AT&T has ‘no intention’ of selling CNN, no matter what Trump’s DOJ says

    The US Department of Justice told AT&T and Time Warner that they must sell Turner Broadcasting – which includes CNN – or DirecTV if it wants to receive approval for their massive merger. AT&T CEO Randall Stephenson told Business Insider, “I have never offered to sell CNN and have no intention of doing so.” US President Donald Trump has criticized both CNN and the mega-deal on many occasions in the past. These latest developments have thrown into question when the deal will ultimately close, if it does at all.

The US Department of Justice has informed AT&T and Time Warner that they must sell Turner Broadcasting, the group of channels that includes CNN, if they want approval for their $84.5 billion merger, according to a New York Times report citing people briefed on the matter.

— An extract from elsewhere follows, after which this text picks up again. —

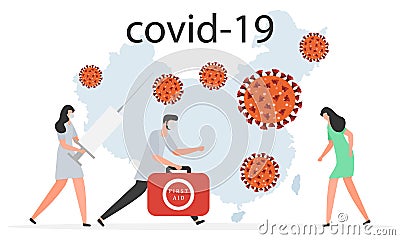 Coronavirus nCoV COVID-19 People China virus Vector Illustration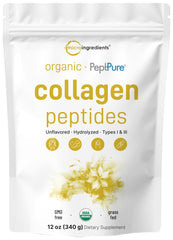 Micro Ingredients collagen peptides powder tub with neutral blend for daily drinks.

AT&T chief executive officer Randall Stephenson told Business Insider on Wednesday that he had no plans to do that.

“Until now, we’ve never commented on our discussions with the DOJ,” Stephenson said in a written statement. “But given the DOJ’s statement this afternoon, it’s important to set the record straight. Throughout this process, I have never offered to sell CNN and have no intention of doing so.”

The proposed divestiture of Turner is one of several demands being made by regulators as they assess antitrust concerns surrounding the AT&T-Time Warner deal, a report from the Financial Times said. It is, however, the condition viewed as the most likely sticking point as AT&T has opposed it in the past and argued the deal isn’t anticompetitive.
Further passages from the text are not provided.